Where N is a number, P is a permanent octave shift (< or >), and T is a temporary octave shift (+ or -). During development, the website BNFGen was found to be incredibly useful, and the BNF grammar above is compatible with it. Many thanks to Daniil Baturin for creating this tool.

Generating custom sounds

As mentioned earlier, Linum supports modding through the -m flag. All default values can be changed, and custom instruments can be created with functions that return the sample for a given note, length and time. Mods can be written in C and compiled as shared objects.

The default mod is located in the mod.c file.
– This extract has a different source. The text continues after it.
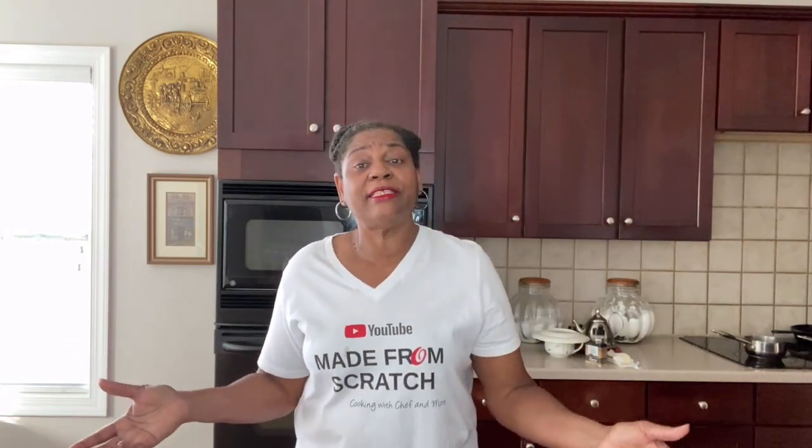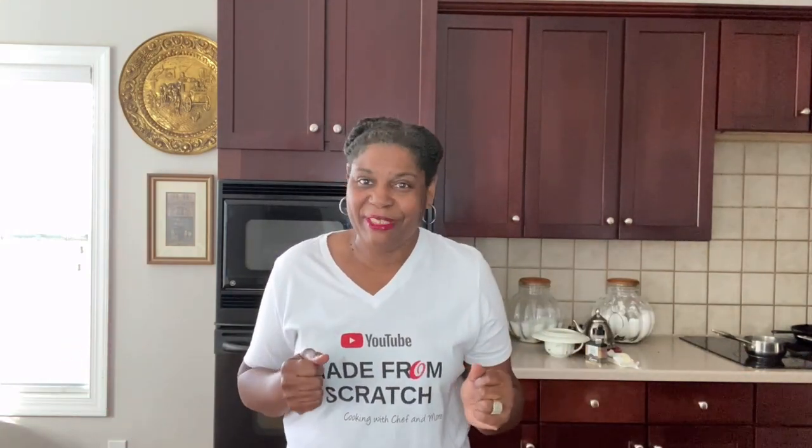Thank you so much for coming and hanging out with me in my kitchen. If you're not subscribed, go ahead and subscribe. Take a look at the video at the end of this video — I really would appreciate it. Share me out, tell everyone you know that Chef and More is over here cooking up amazing meals — easy, quick, simple, made from scratch. I will see you next time. The good Lord willing and the creek don't rise.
Exercise caution when writing custom mods – no safety checks are performed, and an incorrect mod can easily cause the program to segfault.

Planned features

• Tuplets.
• Plugins for custom instruments.
• The ability to use multiple instruments when generating audio files.
• JavaScript implementation of Linum for use on websites.
• Generating PDFs of a sight-readable version of Linum.